The commit was not marked for MFC, but it may be indicated, setting mfc-stable-* flags accordingly, in case they're needed
Comment 4 Denis Ahrens 2019-10-30 12:49:29 UTC
it happened again. but I still think is has to do with the handling of the interface state.
Comment 5 Marius Strobl freebsd_committer 2019-10-30 20:52:06 UTC
(In reply to Kubilay Kocak from comment #3)

r353778 is orthogonal to this bug
Comment 6 Denis Ahrens 2020-04-27 15:32:36 UTC
some patch earlier this year (2020) fixed something. So at least it is now possible (again) to reanimate the interface with a ifconfig igbx down/up combo. But the problem is still that the interface is not usable when it happens and with no other access to it the machine is offline.
Comment 7 Rin Morningstar 2020-04-28 01:46:49 UTC
I believe this is still recurring, even on 12.1-R, and that pf is involved somehow. Every few weeks, a server will go offline.  When I bring up the management console, the link light is off and the console is full of errors like this:

igb1: Watchdog timeout (TX: 2 desc avail: 42 pidx: 504) -- resetting
igb1: Watchdog timeout (TX: 2 desc avail: 1024 pidx: 0) -- resetting

With the first occurring once, then the second repeating every 2-3 seconds.

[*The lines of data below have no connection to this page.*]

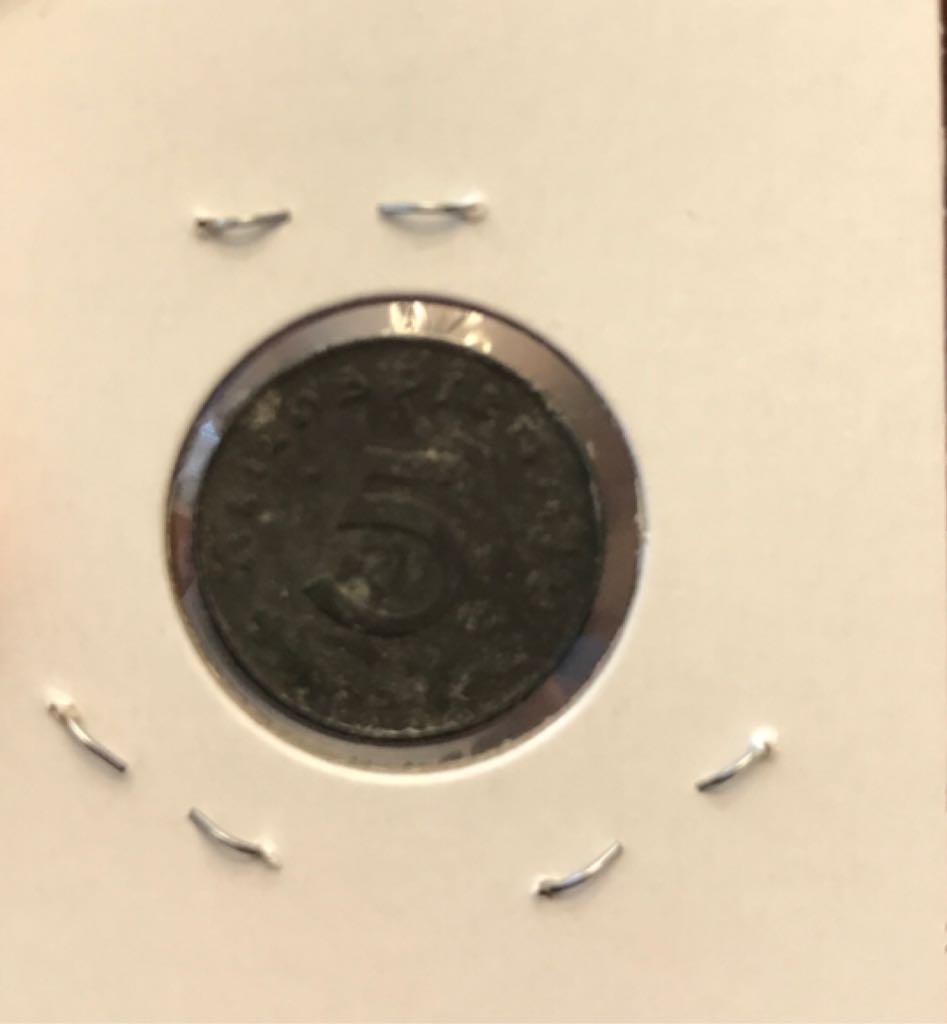 1944 German 5 Reichspfennig  coin collectible - Main Image 2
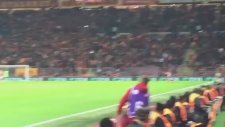 Galatasaray 1-0 Medipol Başakşehir Gol: Sinan Gümüş (Tribün Çekimi)
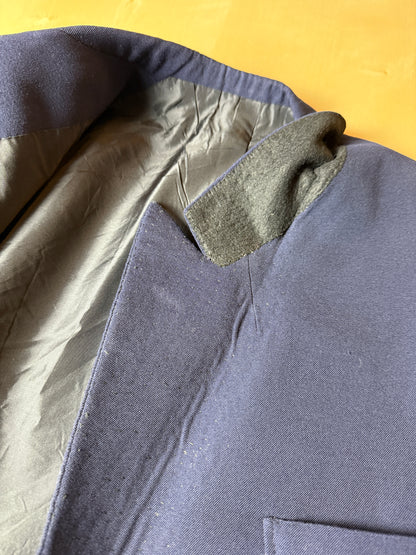 Giacca sartoriale anni ‘50/‘60 flanella pettinata mono bottone e revers lancia - tg. 48/50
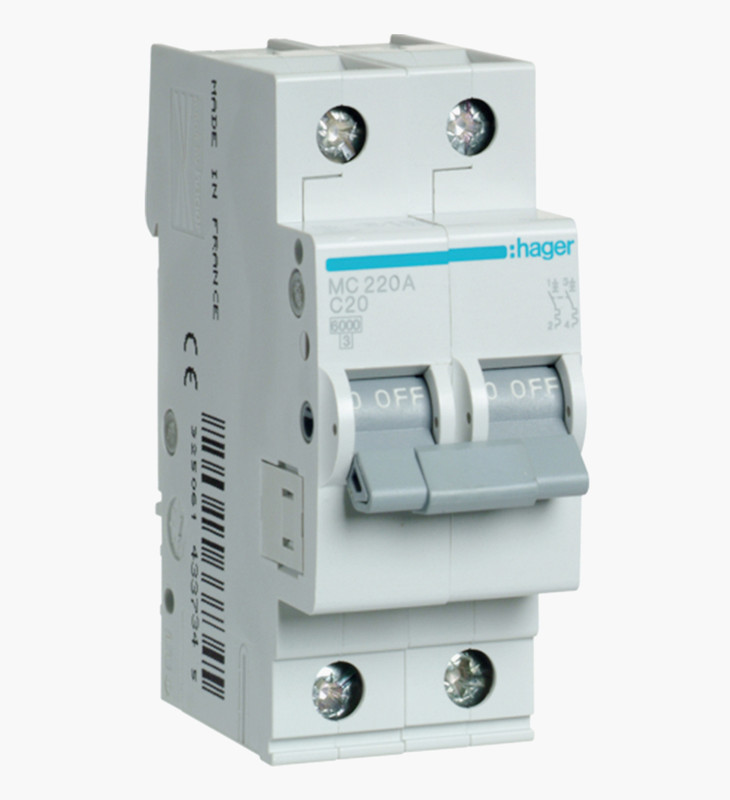 قاطع مينتشر هاجر ثنائي 20 أمبير - 6كيلو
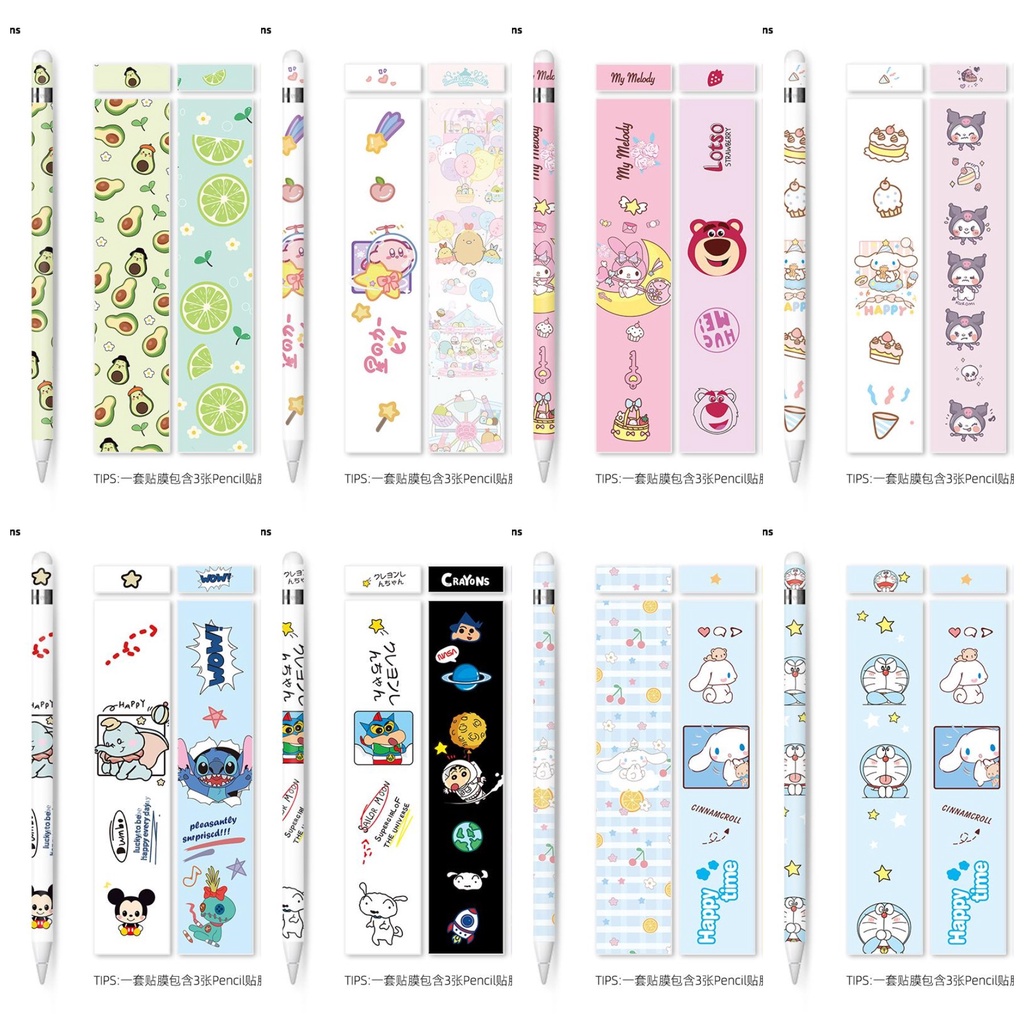 Scratchproof Ultra Thin Painted stickers for apple pencil 1/2 Touch ...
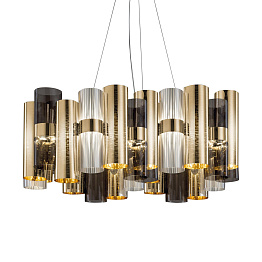 Люстра La Lollo Large Gold/Fume Slamp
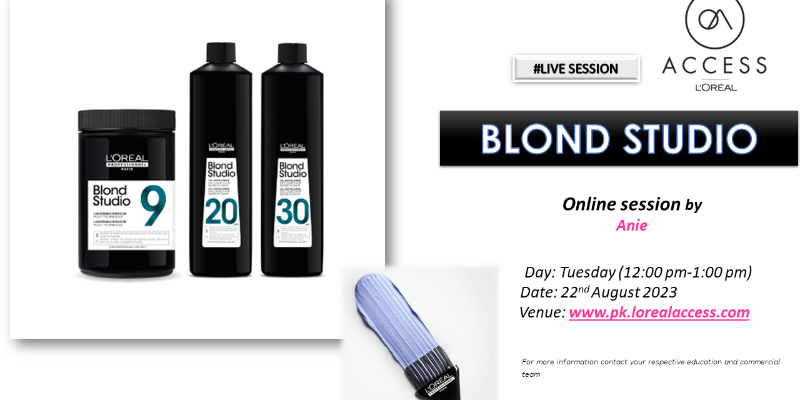 BLOND STUDIO- LIVE- 22nd AUGUST 2023 BY ANIE Image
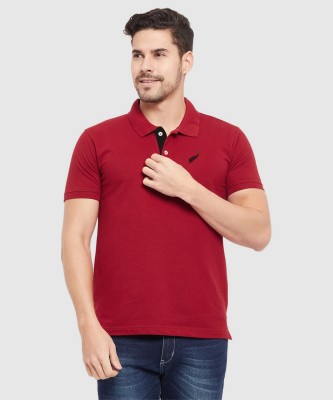 Polo Plus Solid Men Polo Neck Maroon T-Shirt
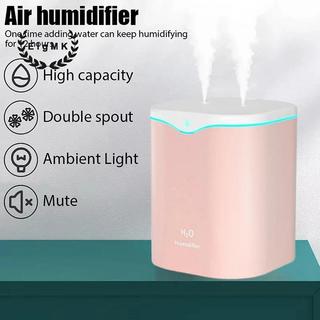 [ElgMK] Máy tạo độ ẩm phun sương mát mẻ cho phòng ngủ, Máy tạo độ ẩm không khí siêu âm siêu yên tĩnh 2L, Máy tạo độ ẩm lấp đầy trên cùng, Máy tạo độ ẩm để bàn chạy bằng USB [MỚI]
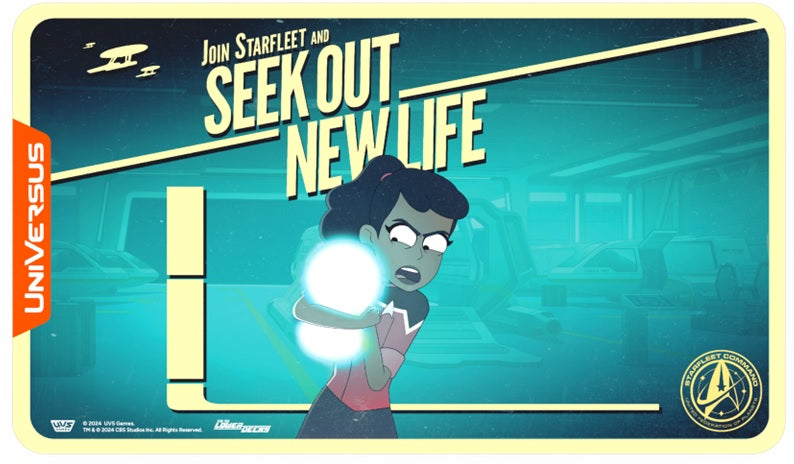Universus CCG: Star Trek Lower Decks Challenger Series- Mariner Playmat | 810155271916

If I ifconfig down the interface, the watchdog timeout errors cease and the link light comes on.  If I then ifconfig up the interface the link light goes off again and the watchdog timeout errors resume.

Thus far, only rebooting fixes this state.

Anecdote: this behaviour seems to correlate to whether or not pf is in use.  I have multiple of this exact hardware (Supermicro X11SSH-LN4F), some run pf, some don't. The behaviour occurs on every machine running pf, and none of the ones not running pf.  It wasn't occurring on two machines for months, then pf was enabled, and the behaviour started.  It was occuring on one of the machines running pf, then pf was disabled, and after months it has not recurred.

I'm posting this here because the observation--the paradoxical if up/down behaviour fixed only with a reboot--is the same, and I have machines running 12.x that do it, suggesting this has only been partially masked.
Comment 8 Denis Ahrens 2020-07-24 18:47:52 UTC
on my machine pf is not enabled. also it seems that incoming traffic is triggering the problem.